There are two particular cases that admit visualization of solutions to linear equation.

Example 1: Let us consider a linear equation with two unknowns \[ 2\,x + 3\, y = 4 . \] Mathematica can easily solve this equation
Solve[{2*x + 3*y == 4}, {x, y}]
{{y -> 4/3 - (2 x)/3}}
The command Flatten removes extra curly brackets in the output , but provides a warning message:
Flatten[Solve[{2*x + 3*y == 4}, {x, y}]]
Solve::svars: Equations may not give solutions for all "solve" variables.
{y -> 4/3 - (2 x)/3}
However, if you do not embrace the equation into cirly brackets, you get the same output:
Flatten[Solve[2*x + 3*y == 4, {x, y}]]
Solve::svars: Equations may not give solutions for all "solve" variables.
{y -> 4/3 - (2 x)/3}
In order to suppress warning message, you may want to combine Flatten[ ] with Quiet[]
Quiet[Solve[2*x + 3*y == 4, {x, y}]]
{{y -> 4/3 - (2 x)/3}}

Reduce is often better than Solve

Reduce[2*x + 3*y == 4, {x, y}]
y == 4/3 - (2 x)/3
So Mathematica defines x as a free/independent variable. When you read further you discover that the Gaussian elimination procedure refers to these independent variables as "free variables."
Figure 4: Solution of 2D equation.
      We plot the hyperplane (which is a line) in ℝ² using the following Mathematica script.
Labeled[ContourPlot[{2*x + 3*y == 4}, {x, -2, 2}, {y, -2, 2}, ContourStyle -> {Purple, Thickness[0.01]}, PlotRange -> All, Axes -> True, Frame -> False], "Figure 4: Solution of 2D equation."]
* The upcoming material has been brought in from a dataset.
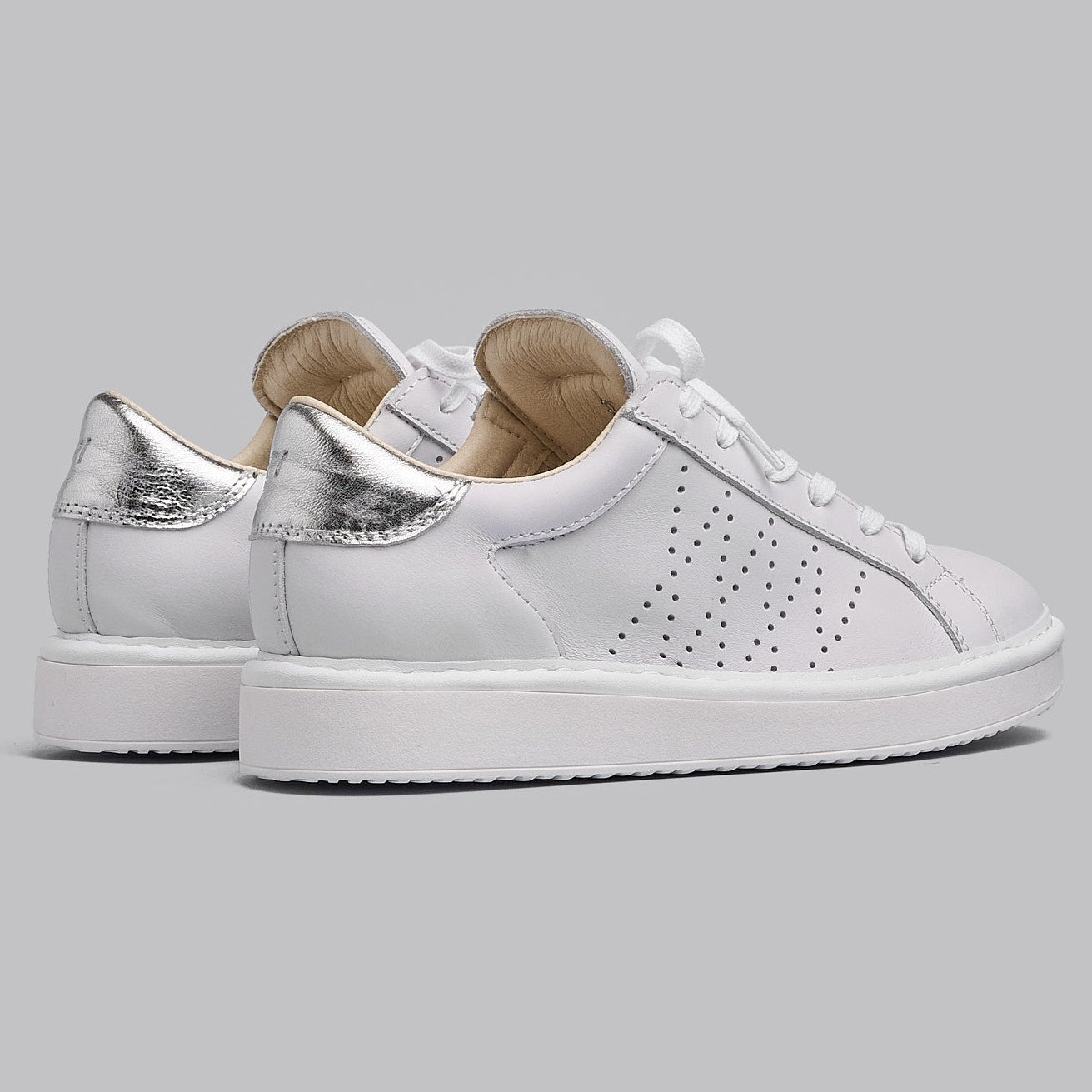 Sneakers Panchic donna pelle bianco e spoiler argento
In three-dimensional space, a linear equation \[ a\,x + b\, y + c\, z = d \] defines a hyperplane in ℝ³. For example, let us consider the equation \[ 2\, x - 3\, y + 4\, z = 5, \qquad x,y,z \in \mathbb{R} . \]
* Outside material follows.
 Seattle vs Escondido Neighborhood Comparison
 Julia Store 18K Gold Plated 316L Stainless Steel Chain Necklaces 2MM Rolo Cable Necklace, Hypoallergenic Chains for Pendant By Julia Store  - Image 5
Figure 5: Solution of 3D equation.
      We plot the hyperplane (which is a plane) in ℝ³ using the following Mathematica script.
Labeled[ContourPlot3D[ 2*x - 3*y + 4*z == 5, {x, -5, 2}, {y, -2, 2.5}, {z, -2, 2}, ContourStyle -> {Purple, Thickness[0.01]}, PlotRange -> All, Axes -> True], "Figure 5: Solution of 3D equation."]

End of Example 1

Now it is right time to discuss why solution set for 2D equation 𝑎 x + by = c is a line (one-dimensional) while the plot of the linear equation 𝑎 x + by + cz = d is a plane (two-dimensional). The reason lies in the fact that equation 𝑎 x + by = c has one free variable and one dependent variable. The number of free variable of the linear equation in 3D is the number of degrees of freedom (which is the number of free variables (not containing pivots) in its row echelon form) in expressing the solution, so this number is two.

The dimension of a geometric object is the minimum number of degrees of freedom needed express the equation's solution points. Equivalently, the dimension of a geometric object is the minimum number of independent variables it takes to describe uniquely all of the points of the geometric object.
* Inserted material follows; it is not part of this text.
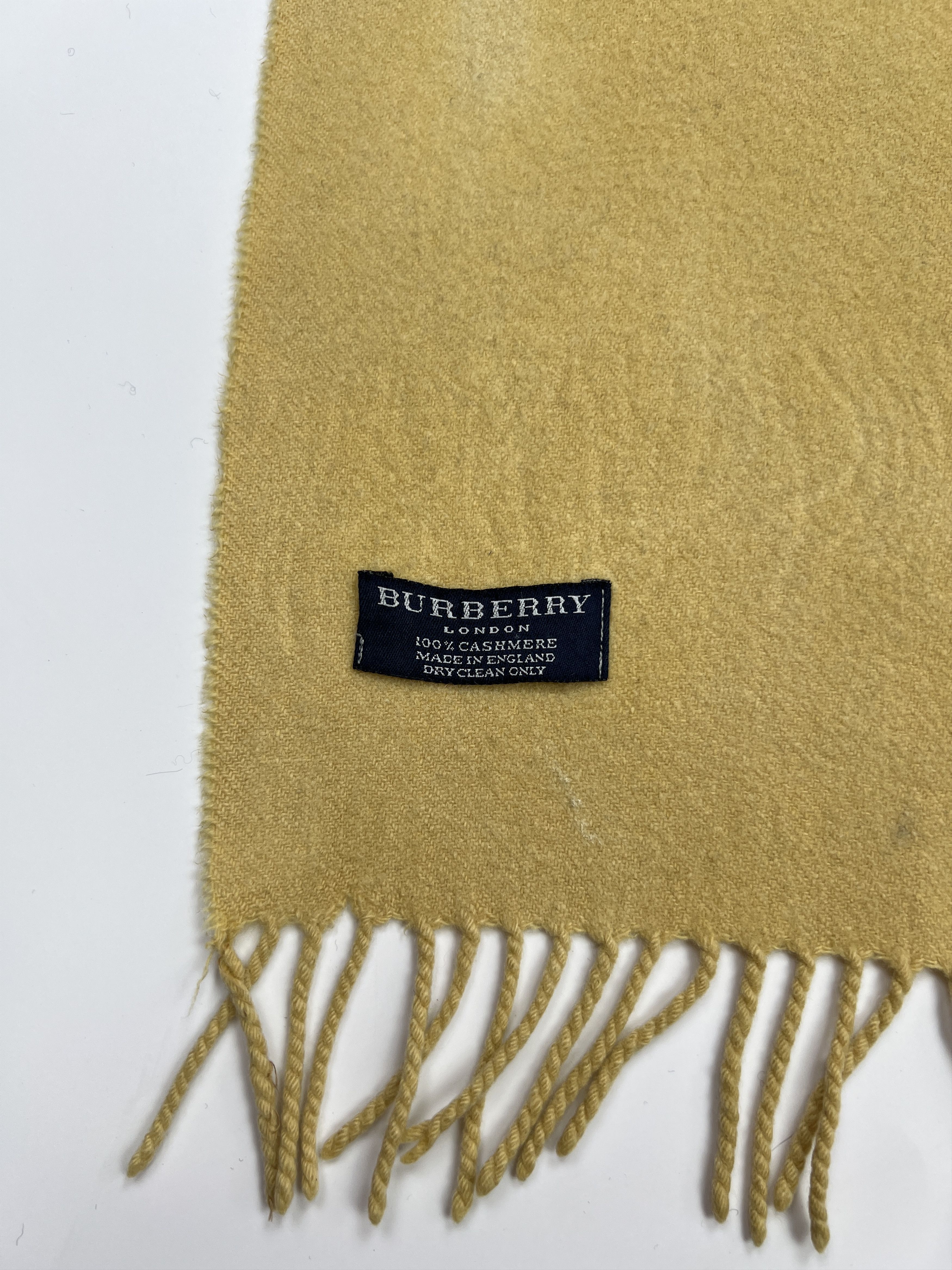 Burberry Vintage Burberry 2M Yellow Cashmere Scarf Embroidered Size ONE SIZE - 5 Thumbnail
By independent variables we mean variables that do not depend on any constraint. By dependent variable, we mean variables that do depend on other variables or some constraints. If we see an expression such as z = f(x, y), then variable z is definitely a dependent variable because it depends on two other variables, x and y. Now it should be clear that a general linear equation

\[ a_1 x_1 + a_2 x_2 + \cdots + a_n x_n = b \]
has dimension n − 1 as a geometric object in n-dimensional space 𝔽n because there are n variables and only one constraint, the equation. For example, ℝ² is two-dimensional space and is often pictured as the xy-plane while ℝ³ is three-dimensional space and is pictured as the xyz-space.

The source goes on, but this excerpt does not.